## Material provided
+++
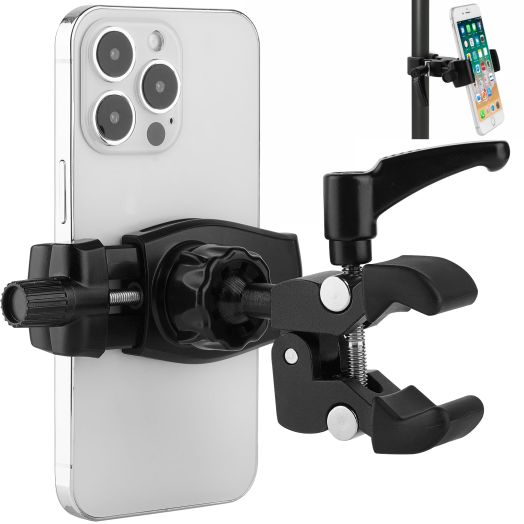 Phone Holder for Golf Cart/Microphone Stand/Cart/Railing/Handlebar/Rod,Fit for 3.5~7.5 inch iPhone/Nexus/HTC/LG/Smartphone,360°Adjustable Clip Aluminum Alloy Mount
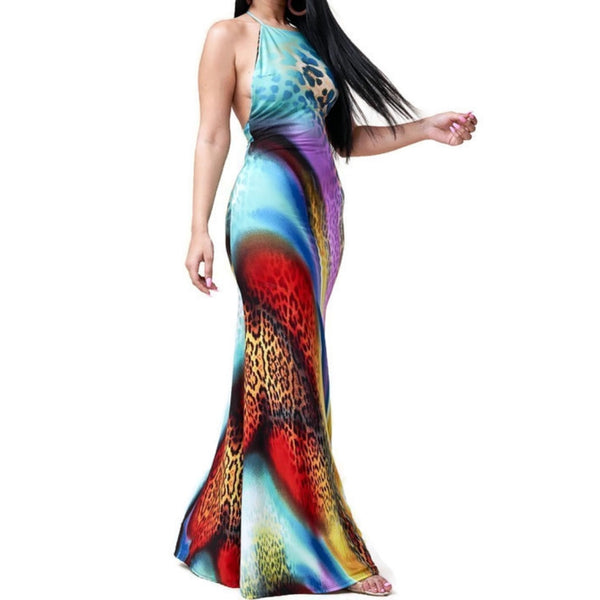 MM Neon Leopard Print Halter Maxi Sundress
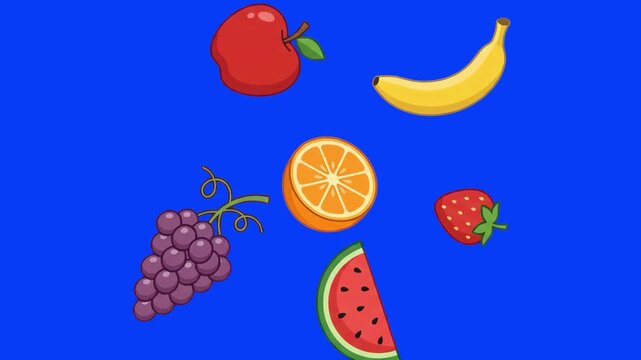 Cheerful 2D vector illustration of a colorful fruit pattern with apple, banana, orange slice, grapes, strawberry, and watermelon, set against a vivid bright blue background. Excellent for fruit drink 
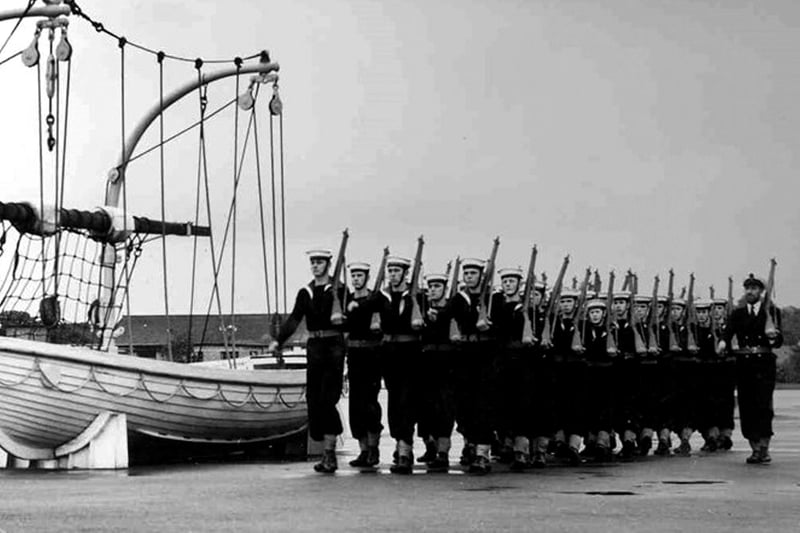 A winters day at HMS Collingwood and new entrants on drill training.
+++
## Work required
Using the data above, which lines fall from the one with "MM Neon Leopard Print Halter Maxi Sundress" through the one with "Cheerful 2D vector"? Repeat them exactly, ends included, minus any pictures.

## Output for this task
 MM Neon Leopard Print Halter Maxi Sundress
 Cheerful 2D vector illustration of a colorful fruit pattern with apple, banana, orange slice, grapes, strawberry, and watermelon, set against a vivid bright blue background. Excellent for fruit drink 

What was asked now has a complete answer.